Tuesday, May 9, 2017

Kafka on the Shore

Dunia Kafka, translated to Indonesian from Kafka on the Shore, is the first novel I have read by Haruki Murakami, and I can definitely say that it won’t be the last. Why the title was translated as Dunia Kafka (Kafka’s World) rather than Kafka di tepi Pantai, I don’t know. Frankly, I think the latter sounds kind of poetic, aside from being a literal translation of the original title. In any case, that’s a small point.

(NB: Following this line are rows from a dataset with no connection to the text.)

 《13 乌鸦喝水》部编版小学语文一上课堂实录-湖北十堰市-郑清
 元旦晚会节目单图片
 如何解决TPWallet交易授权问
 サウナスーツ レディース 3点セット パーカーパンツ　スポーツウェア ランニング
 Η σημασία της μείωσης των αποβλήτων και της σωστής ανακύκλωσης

This is the sort of novel that one very rarely sees these days. We used to call this sort of thing “literature”. And it is awfully good to see it again in the dry desert spanning decades of mediocrity and downright tripe. This is more than a story. It’s a vision. It is a complete and authentic invention, an exploration of life itself, of meaning, of spirit, of the elusive, fragile fabric that touches the deepest, most fundamental aspects of the human psyche.

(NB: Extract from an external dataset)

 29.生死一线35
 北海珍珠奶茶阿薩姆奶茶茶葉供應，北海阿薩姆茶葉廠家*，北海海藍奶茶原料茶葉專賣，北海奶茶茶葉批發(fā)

This novel pulls you in like a sliver of light from a doorway ajar. You push the door further, peer into the room, confront the uncertain play of light and shadow, and beyond what can be seen, proven, expressed, you sense the invisible, the labyrinthine world that lies beyond, filled with the perplexing coincidence of love, longing, remorse, rage, mystery, miracle and transcendence. Herein, the gates of heaven and hell are both wide open.

An elusive sort of introduction, I suppose, but offered with an assurance that this singular work of art will not disappoint the reader who loves the experience of what literature is meant to convey.